| > More generally, relative error works only if your computation scales “multiplicatively” from zero; if there’s any additive component, it’s suspect. IEEE floating point inherently scales from zero, the absolute error in any computation is proportional to the magnitude of the input numbers, whether you’re adding or multiplying or doing something else. It’s the reason that subtracting two large numbers has a higher relative error than subtracting two small numbers, c.f. catastrophic cancellation. > How does one do this properly? There’s a little bit of an art to it, but you can start by noting the actual result of any accurate operation has a maximum error of 0.5 LSB (least significant bit) simply as a byproduct of having to store the result in 32 or 64 bits; essentially just think about every single math instruction being required to round the result so it can fit into a register. Now write an expression for your operation in terms of perfect math. If I’m adding two numbers it will look like a[+]b = (a + b)*(1 + e), where e is your 0.5 LSB epsilon value. For 32 bit float, e == +/- 1e^-24. In this case I differentiate between digital addition with a finite precision result, and perfect addition, using [+] for digital addition and + for perfect addition. This gets hairy and you need more tricks for anything complicated, but multiplying each and every operation by (1+e) is the first step. It quickly becomes apparent that the maximum error is bounded by |e| * (|a|+|b|) for addition or |e| * (|a| * |b|) for multiply… substitute whatever your operation is. When doing more complicated order-dependent error analysis, it’s helpful to use bounds and to allow error estimates to grow slightly in order to simplify expressions. This way you can prove the error is less than a certain expression, but the expression might be conservative. A 3d dot product is a good example to work though using (1+e). Typically it’s reasonable to drop e^2 terms, even though it will technically compromise your error bound proof by some minuscule amount. a[*]x [+] b[*]y [+] c[*]z = ((ax(1+e) + bx(1+e)) + cx(1+e))(1+e)

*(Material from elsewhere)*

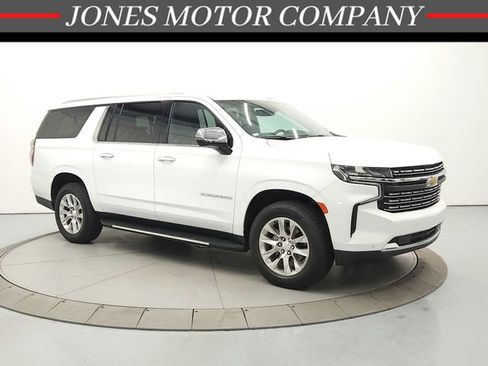 Used 2023 Chevrolet Suburban Premier image 1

= ((ax+axe + by+bye)(1+e) + cz+cze)(1+e)
= (ax+by+(ax+by)e + axe+bye+(ax+by)ee + cz+cze)(1+e)
= (ax + bx + 2e(ax+by) + e^2(ax+by) + cz+cze)(1+e)
= ax + by + 2e(ax+by) + e^2(ax+by) + cz + cze + axe + bye + 2e^2(ax+by) + e^3(ax+by) + cze + cze^2
= ax+by+cz + 3e(ax+by) + 2e(cz) + 3e^2(ax+by) + e^2cz + e^3(ax+by)
Now drop all the higher order terms of e. = ax+by+cz + 3e(ax+by) + 2e(cz)
Now also notice that 2e|cz| <= 3e|cz|, so we can say the total error bound: <= (ax + by + cz) + 3e( |a||x| + |b||y| + |c||z| )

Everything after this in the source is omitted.